Peut-être doit-on le regarder comme le fondateur du théâtre buffa actuel.

« Paisiello, Guglielmi et Anfossi sont ceux de ses disciples qui ont un nom. Mais, malgré leurs ouvrages, la décadence de la musique à Naples est sensible et rapide[2].

Adieu. »

  1. Cette situation est une des plus touchantes du théâtre de Métastase, et Leo l’a rendue divinement. Timante. jeune prince qui se croit fils du farouche Démophon, roi d’Épire, est marié secrètement depuis deux ans à Dircée ; il en a un fils. Démophon découvre ce mariage, et trouve dans les lois de son royaume le moyen de les faire périr tout deux ; on les conduit à la mort ; mais son âme cruelle est touchée par les prières du peuple : il leur pardonne.
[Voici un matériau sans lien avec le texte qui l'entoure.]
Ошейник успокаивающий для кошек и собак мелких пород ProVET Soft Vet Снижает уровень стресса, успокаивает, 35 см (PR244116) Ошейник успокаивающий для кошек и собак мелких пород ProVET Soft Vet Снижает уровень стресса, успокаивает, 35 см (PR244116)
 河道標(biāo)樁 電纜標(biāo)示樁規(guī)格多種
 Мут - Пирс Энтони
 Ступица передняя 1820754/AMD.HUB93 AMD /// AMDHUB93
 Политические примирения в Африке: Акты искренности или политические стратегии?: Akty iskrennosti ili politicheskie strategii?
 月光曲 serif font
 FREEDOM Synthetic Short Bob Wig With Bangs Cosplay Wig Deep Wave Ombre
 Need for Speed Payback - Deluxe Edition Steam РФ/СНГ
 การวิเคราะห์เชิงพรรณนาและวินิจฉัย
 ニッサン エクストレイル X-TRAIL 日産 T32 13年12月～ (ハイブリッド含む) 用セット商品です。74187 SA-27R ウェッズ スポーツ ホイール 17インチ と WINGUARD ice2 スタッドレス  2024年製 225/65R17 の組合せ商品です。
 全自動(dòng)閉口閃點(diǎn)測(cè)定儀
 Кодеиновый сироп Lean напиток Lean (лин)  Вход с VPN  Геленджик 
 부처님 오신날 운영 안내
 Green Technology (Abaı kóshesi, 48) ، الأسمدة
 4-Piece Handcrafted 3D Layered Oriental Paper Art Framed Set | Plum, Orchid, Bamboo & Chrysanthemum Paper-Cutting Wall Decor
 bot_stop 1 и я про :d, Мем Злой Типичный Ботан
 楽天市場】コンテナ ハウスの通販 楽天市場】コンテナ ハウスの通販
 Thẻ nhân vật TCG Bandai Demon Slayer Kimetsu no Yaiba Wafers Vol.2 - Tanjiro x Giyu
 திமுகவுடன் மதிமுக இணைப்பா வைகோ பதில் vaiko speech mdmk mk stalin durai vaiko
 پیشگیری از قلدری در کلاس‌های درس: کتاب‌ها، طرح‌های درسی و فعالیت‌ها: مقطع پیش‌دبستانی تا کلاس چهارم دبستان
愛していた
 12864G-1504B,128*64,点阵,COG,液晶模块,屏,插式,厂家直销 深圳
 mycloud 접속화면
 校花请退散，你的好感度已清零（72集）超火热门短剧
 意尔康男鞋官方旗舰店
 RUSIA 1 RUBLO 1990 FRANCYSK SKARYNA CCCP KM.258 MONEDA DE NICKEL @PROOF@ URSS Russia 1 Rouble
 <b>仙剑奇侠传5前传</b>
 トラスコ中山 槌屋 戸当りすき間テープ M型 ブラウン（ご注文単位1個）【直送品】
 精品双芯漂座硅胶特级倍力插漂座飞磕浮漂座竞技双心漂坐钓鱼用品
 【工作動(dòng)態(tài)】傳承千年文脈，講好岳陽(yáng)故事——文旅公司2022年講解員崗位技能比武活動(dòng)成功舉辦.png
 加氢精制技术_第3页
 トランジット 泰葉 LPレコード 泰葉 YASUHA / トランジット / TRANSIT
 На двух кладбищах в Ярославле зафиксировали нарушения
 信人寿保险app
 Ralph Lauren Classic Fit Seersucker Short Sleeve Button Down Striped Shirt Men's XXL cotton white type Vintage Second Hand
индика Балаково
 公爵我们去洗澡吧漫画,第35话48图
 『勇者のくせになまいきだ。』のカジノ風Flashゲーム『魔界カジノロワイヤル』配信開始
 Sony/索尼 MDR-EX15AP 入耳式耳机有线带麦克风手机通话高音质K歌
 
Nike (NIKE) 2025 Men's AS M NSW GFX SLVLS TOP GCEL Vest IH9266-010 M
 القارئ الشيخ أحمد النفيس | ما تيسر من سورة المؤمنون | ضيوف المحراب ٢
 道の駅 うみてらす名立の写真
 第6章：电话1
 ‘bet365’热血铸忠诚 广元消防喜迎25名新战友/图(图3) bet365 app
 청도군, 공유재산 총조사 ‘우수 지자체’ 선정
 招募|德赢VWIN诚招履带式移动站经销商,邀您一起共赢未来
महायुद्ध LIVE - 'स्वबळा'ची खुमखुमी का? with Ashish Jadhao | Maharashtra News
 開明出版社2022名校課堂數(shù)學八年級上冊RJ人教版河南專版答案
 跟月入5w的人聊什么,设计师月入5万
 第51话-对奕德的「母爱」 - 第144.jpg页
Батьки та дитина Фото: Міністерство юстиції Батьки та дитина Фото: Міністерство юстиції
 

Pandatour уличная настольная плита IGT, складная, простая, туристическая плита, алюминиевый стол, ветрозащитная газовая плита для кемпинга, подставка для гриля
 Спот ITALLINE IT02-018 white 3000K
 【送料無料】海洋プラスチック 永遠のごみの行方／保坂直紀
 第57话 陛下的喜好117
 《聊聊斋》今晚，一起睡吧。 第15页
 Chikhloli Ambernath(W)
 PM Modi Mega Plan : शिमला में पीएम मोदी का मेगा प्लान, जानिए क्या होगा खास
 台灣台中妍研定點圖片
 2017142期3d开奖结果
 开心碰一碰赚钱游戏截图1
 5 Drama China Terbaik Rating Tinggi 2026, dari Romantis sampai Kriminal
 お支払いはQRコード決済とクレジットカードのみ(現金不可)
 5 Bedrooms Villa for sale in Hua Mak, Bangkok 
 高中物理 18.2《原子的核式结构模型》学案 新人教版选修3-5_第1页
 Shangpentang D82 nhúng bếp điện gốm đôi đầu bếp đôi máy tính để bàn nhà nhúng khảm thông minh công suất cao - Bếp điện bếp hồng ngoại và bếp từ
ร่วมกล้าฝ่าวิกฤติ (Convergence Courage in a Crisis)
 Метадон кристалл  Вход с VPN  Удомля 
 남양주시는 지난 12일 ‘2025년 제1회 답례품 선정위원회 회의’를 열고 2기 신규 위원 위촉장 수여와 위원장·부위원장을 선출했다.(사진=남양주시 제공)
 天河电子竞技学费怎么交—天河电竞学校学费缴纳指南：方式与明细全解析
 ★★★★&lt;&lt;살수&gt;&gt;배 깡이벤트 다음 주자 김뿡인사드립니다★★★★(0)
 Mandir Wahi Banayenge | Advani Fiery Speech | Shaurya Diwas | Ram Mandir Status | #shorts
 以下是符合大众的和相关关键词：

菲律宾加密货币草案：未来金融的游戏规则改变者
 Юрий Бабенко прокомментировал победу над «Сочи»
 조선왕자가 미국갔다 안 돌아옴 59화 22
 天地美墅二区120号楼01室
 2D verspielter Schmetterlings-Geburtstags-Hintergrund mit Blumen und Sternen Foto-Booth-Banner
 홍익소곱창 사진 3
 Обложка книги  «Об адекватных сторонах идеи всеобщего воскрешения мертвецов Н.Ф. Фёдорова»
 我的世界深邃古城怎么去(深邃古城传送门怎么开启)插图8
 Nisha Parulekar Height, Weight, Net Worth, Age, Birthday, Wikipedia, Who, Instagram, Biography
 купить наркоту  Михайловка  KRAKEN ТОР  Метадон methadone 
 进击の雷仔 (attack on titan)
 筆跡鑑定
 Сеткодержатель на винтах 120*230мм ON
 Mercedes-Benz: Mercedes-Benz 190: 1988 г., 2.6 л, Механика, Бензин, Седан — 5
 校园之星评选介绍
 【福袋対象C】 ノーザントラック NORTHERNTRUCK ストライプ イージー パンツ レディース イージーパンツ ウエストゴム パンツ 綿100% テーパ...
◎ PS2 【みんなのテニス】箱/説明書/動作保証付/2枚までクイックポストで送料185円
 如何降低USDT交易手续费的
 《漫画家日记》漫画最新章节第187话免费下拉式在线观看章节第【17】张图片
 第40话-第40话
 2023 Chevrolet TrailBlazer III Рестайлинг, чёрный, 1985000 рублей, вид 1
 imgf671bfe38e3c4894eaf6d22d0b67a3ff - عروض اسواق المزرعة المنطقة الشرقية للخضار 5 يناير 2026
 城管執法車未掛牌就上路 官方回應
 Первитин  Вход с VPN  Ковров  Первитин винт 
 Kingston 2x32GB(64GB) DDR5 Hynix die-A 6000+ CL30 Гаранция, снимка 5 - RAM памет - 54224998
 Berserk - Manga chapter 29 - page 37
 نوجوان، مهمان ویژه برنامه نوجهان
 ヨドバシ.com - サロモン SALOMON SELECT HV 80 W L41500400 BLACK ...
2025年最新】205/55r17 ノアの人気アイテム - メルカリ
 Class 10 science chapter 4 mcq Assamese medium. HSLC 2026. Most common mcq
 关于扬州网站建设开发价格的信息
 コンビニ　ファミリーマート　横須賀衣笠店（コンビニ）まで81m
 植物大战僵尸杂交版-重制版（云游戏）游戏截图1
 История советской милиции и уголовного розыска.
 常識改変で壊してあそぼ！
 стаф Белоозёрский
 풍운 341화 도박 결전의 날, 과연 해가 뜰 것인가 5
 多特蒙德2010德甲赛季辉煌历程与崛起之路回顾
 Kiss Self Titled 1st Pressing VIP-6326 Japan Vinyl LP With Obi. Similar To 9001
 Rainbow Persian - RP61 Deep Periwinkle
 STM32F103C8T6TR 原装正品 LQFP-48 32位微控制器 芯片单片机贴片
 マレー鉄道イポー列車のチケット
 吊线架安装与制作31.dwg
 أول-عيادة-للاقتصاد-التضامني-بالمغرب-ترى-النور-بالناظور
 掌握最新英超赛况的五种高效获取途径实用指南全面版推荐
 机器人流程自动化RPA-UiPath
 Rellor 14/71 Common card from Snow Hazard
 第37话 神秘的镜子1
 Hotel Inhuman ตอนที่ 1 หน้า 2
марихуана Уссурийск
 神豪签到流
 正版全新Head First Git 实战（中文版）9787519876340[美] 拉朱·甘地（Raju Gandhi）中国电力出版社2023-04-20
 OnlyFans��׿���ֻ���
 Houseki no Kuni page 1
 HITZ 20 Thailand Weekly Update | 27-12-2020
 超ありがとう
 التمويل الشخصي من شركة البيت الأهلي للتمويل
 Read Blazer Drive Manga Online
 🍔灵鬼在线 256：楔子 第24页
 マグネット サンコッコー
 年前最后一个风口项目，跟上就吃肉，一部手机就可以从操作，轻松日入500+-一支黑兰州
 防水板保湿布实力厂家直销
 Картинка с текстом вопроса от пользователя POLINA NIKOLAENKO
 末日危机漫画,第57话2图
Au moment où Timante vole dans les bras de Dircée, un ami fidèle lui donne la preuve évidente que Dircée est fille de Démophon.
    Plein d’horreur pour le crime involontaire dont il s’est rendu coupable en épousant sa sœur, au désespoir d’être obligé de renoncer à Dircée, il voit en lui un nouvel Œdipe, il demeure immobile et plongé dans une sombre horreur.
    Dircée, qui ne peut comprendre cette étrange froideur, le supplie de parler, au nom de leur amour ; son horreur redouble : elle lui présente son fils, en le suppliant du moins de jeter un regard sur cet enfant qui le caresse : le malheureux Timante ne peut plus contenir sa douleur, il embrasse son fils, et l’air commence :

    Misero pargoletto,
    Il tuo destin non sai :
    Ah ! non gli dite mai
    Qual era il genitor.


    Come fu un punto, oh Dio !
    Tutto cambio d’aspetto !
    Vol foste il mlo diletto,
    Vol siete il mio terror.

    c’est-à -dire

    Trop malheureux enfant,
    Tu ignores ton destin :
    Ah ! ne lui dites jamais
    Quel fut son triste père.


    Grand Dieu ! combien en un instant
    Tout a changé d’aspect pour moi !
    Vous fûtes un jour le bonheur de ma vie,
    Et vous en êtes le tourment.

    À chaque répétition de ces paroles que Timante adresse tantôt à son fils, tantôt à Dircée, Leo a su peindre une nouvelle nuance de son profond désespoir.

  2. Époques de quelques compositeurs :
    Durante, né en 1698, mort en 1755.
    Leo,1694, 1745.
    Vinci, 1705, 1732.
    Hasse, 1705, 1783.
    Hændel, 1684, 1759.
    Galuppi, 1703, 1785.
    Jomelli, 1714, 1774.
    Porpora, 1685, 1767.
    Benda, 1714, ***
    Piccini, 1728, 1800.
    Sacchini, 1735, 1786.
    Paisiello, 1741, 
    Guglielmi, 1727, 1804.
    Anfossi, 1736, 1775.
    Sarti, 1730, 1802.
    Zingarelli,1752, 
    Traetta, 1738, 1779 *.
    Ch. Bach, 1735, 1782.
    Mayer, né vers 1760.
    Mosca, né vers 1775.
    * Traetta, artiste profond et mélancolique, excelle dans les effets pittoresques et sombres de l’harmonie. Dans sa Sophonisbe, cette reine se jette entre son époux et son amant, qui veulent combattre : « Cruels, leur dit-elle, que faites-vous ? Si vous voulez du sang, frappez, voilà mon sein. » Et comme ils s’obstinent à sortir, elle s’écrie : « Où allez-vous ? Ah ! non ! » Sur cet Ah ! l’air est interrompu : le compositeur, voyant qu’il fallait ici sortir de la règle générale et ne sachant comment exprimer le degré de voix que l’actrice devait donner, a mis au-dessus de la note sol, entre deux parenthèses (un urlo francese).